Autor: Katarzyna 'Bagheera' Bodziony

Lara Croft and the Guardian of Light
Nie będę się przyznawać, ile miałam lat w 1996 roku – pamiętnym roku, gdy na świat przyszła jedna z najważniejszych i najbardziej rozpoznawalnych postaci świata gier – Lara Croft. Dość powiedzieć, że nieustraszona brytyjska archeolog zrobiła na mnie wrażenie, które do dziś wywołuje sentyment na dźwięk jej imienia. Nie zmienią tego nawet najróżniejsze wzloty i upadki, jakie autorzy serii Tomb Raider zafundowali nam od tego czasu. Grę Lara Croft and the Guardian of Light, czyli najnowszą pozycję z tego cyklu, zdecydowanie można zaliczyć do wzlotów, choć na pierwszy rzut oka wydawałoby się, że jest to jedynie mini-gierka dostępna w sklepiku online, mająca wypełnić czas fanom oczekującym na premierę kolejnej, pełnowymiarowej odsłony cyklu.

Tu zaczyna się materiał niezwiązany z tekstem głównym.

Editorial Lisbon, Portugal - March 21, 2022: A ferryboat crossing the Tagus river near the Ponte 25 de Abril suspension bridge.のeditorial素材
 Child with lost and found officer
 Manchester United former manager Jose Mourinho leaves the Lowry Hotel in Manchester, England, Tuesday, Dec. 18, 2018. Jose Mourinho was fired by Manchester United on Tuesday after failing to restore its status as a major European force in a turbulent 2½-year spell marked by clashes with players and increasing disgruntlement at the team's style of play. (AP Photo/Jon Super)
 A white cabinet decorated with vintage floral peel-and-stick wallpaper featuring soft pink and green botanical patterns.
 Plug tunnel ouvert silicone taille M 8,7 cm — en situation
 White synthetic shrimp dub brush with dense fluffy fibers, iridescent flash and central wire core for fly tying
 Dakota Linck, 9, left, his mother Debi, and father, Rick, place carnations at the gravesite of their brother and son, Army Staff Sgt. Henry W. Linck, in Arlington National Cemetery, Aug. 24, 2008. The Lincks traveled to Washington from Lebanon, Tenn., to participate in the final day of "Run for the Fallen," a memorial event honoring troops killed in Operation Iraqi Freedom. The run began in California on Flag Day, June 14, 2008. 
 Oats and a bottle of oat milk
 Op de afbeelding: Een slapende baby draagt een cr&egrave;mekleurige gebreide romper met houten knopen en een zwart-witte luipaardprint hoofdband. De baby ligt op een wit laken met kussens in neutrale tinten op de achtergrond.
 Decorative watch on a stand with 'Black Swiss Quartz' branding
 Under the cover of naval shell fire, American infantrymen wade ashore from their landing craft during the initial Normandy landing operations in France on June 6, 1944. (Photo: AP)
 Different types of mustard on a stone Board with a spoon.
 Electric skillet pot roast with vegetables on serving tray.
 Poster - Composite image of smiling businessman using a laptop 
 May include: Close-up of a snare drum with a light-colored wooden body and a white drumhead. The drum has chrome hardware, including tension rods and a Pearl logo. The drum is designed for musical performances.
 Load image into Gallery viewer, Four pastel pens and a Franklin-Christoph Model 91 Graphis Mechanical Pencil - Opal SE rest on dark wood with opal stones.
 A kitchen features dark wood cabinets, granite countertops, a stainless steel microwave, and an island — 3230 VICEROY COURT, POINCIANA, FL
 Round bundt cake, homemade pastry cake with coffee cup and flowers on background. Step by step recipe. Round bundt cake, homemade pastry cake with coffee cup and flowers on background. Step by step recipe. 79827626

Przystawka okazuje się być pełnoprawnym daniem

Lara Croft and the Guardian of Light znacząco różni się od swoich poprzedniczek i dlatego jako pierwsza nie otrzymała w nazwie jakże rozpoznawalnego podtytułu Tomb Raider. Zapewne deweloper postanowił nieco odciąć się od kanonu serii, bo i gra nie jest kanoniczna, a z pewnością wprowadza rozwiązania, do jakich fani Lary nie są przyzwyczajeni. Już w chwili pierwszego odpalenia gry zaskoczy nas niezwykły dla tej serii rzut izometryczny, którego spodziewalibyśmy się raczej po kolejnej odsłonie Diablo czy Cywilizacji. "Jak to, a gdzie znany i lubiany widok zza pleców seksownej pani archeolog?" Jednak po momencie pierwszego zdumienia szybko okazuje się, że Lara Croft and the Guardian of Light w niczym nie ustępuje swoim "pełnym" poprzedniczkom – ta gra jest dopracowana, wciągająca i ciekawa graficznie. Umiejętnie łączy elementy walki, platformowej zręcznościówki oraz łamigłówki. Szczególnie te ostatnie są dużym plusem gry, ponieważ nie należą do banalnie prostych i zmuszają nas czasem do ruszenia głową. Nawiązują przy tym ładnie do tradycji Tomb Raidera – zapadnie, kolce i toczące się głazy będą miłe wszystkim fanom Lary.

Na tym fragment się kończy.